2. La Rai. L’occupazione militare del servizio pubblico produce ogni giorno i suoi effetti, e non è che l’inizio. Chi segue notiziari e trasmissioni di infotainment ha un documento vivente di che cosa ci toccherebbe qualora Renzi vincesse la sua scommessa decisiva, che non ha bisogno di essere drammatizzata: è di per sé drammatica. Se gli riuscisse la madre di tutte le sue truffe, Renzi instaurerebbe un potere personale privo di contrappesi. I media controllati dal governo lavorano già a pieno ritmo a questo scopo, conseguito il quale si trasformerebbero stabilmente in una soffocante cappa orwelliana.

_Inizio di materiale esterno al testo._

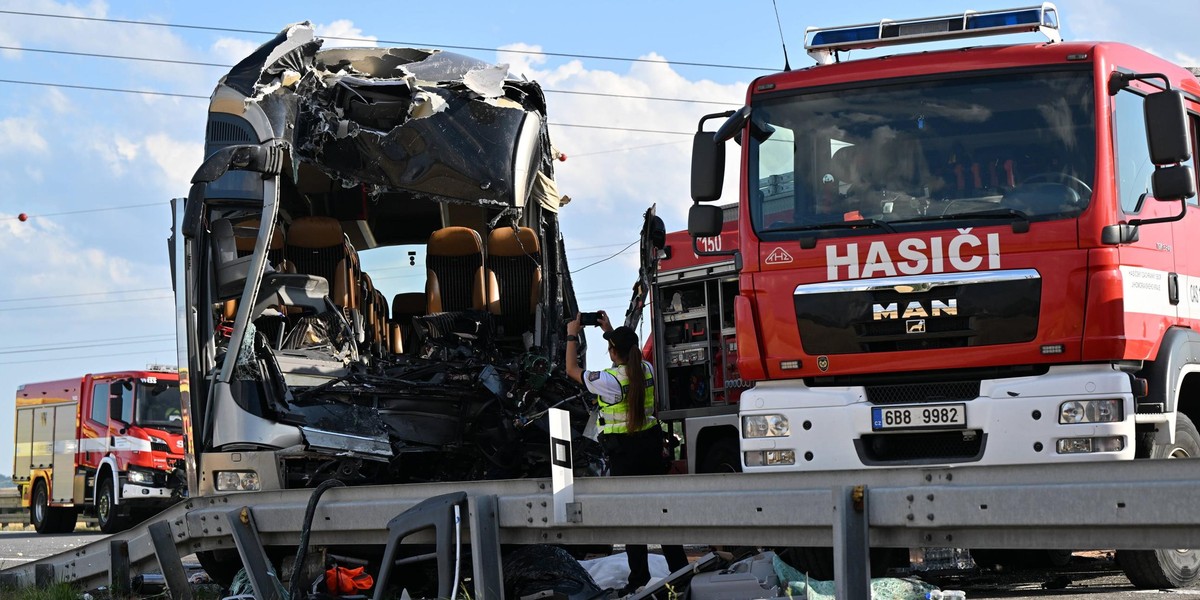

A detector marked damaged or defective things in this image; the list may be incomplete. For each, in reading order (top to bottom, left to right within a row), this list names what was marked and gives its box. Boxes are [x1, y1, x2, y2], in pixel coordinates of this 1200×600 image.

torn bus roof [210, 21, 552, 212]
shattered windshield [748, 70, 1099, 236]
wrecked bus [169, 22, 600, 506]
shattered windshield [135, 379, 181, 432]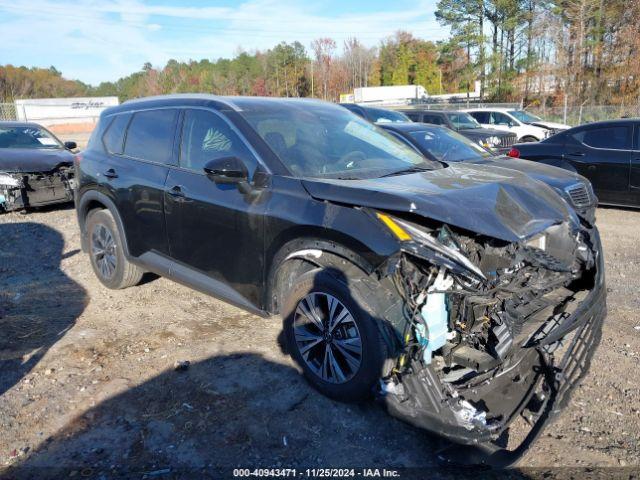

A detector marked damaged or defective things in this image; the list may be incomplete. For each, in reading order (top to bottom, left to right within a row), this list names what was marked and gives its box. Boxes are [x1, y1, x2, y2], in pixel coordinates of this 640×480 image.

3. Infine, proprio le truffe, sempre più vergognose, del governo e del suo capo. «Ora o mai più» è il nuovo mantra renziano. Perché mai? Intanto, la Costituzione è già stata (bene o male) modificata più volte negli ultimi 15 anni. Poi è semmai vero il contrario: se passa questa «riforma» non ci saranno più per lungo tempo le condizioni per opportune revisioni. Ma Renzi punta soprattutto su un’altra menzogna. Sostiene che non sono in discussione né lui né il suo governo né, per il momento, la legge elettorale. Su questa che è la bugia più velenosa bisogna appuntare l’attenzione.
Occorre in primo luogo ribadire che, giunte le cose a questo punto, il referendum coinvolge direttamente le sorti del governo. È emerso da ultimo che molti tra coloro che pure apprezzano la «riforma» intendono votare No pur di mandare a casa Renzi. Si ripete insomma il copione delle recenti amministrative, quando qualche candidato del Pd al ballottaggio chiese al premier di astenersi dall’intervenire in suo sostegno, visto che faceva solo perdere voti. La figura di Renzi è sempre meno popolare, sempre più sgradita. Di qui il tentativo di spersonalizzare il referendum. Ma non c’è nulla di vero in questa manovra: la «riforma» nasce da Renzi e per Renzi, dal suo imbarazzante narcisismo e per la sua incontenibile smania di potere.

Quanto al nesso con l’Italicum, una cosa va finalmente chiarita con la dovuta forza: legge elettorale e modifiche costituzionali non sono che due momenti di un’unica operazione politica volta a trasformare surrettiziamente la forma di governo. Per questo tutte le promesse di cambiare l’Italicum sono prese in giro. Del resto ancora da ultimo Renzi ha ripetuto lo slogan della legge elettorale perfetta che assicura di conoscere la composizione del governo la sera stessa delle elezioni. Per abrogare l’Italicum c’è quindi solo una via: battere Renzi il 4 dicembre e costringerlo a gettare la spugna.

Questa evidenza chiama in causa le minoranze interne del Pd e il loro senso di responsabilità. Il referendum offre alla cosiddetta sinistra democratica l’ultima occasione di riscattarsi dopo anni di inconcludenza. Bersani e i suoi non cadano nella trappola della commissione escogitata da Renzi nella Direzione del partito e tengano fermo il No a quella che è in sé non una discutibile riforma della Costituzione, ma un disegno eversivo. Proporre uno scambio tra il Sì al referendum e qualche modifica all’Italicum non è solo incredibilmente ingenuo, visto che la tempistica riserva a Renzi pieni poteri in caso di vittoria del Sì. È anche sbagliato sul piano etico e politico. Non si dovrebbe mercanteggiare (per qualche inconfessabile fine) con le leggi, men che meno con la Carta costituzionale. Ed è evidente che nessuna eventuale modifica della legge elettorale potrebbe trasformare in una riforma accettabile quello che è di per sé un pericoloso stravolgimento della Costituzione.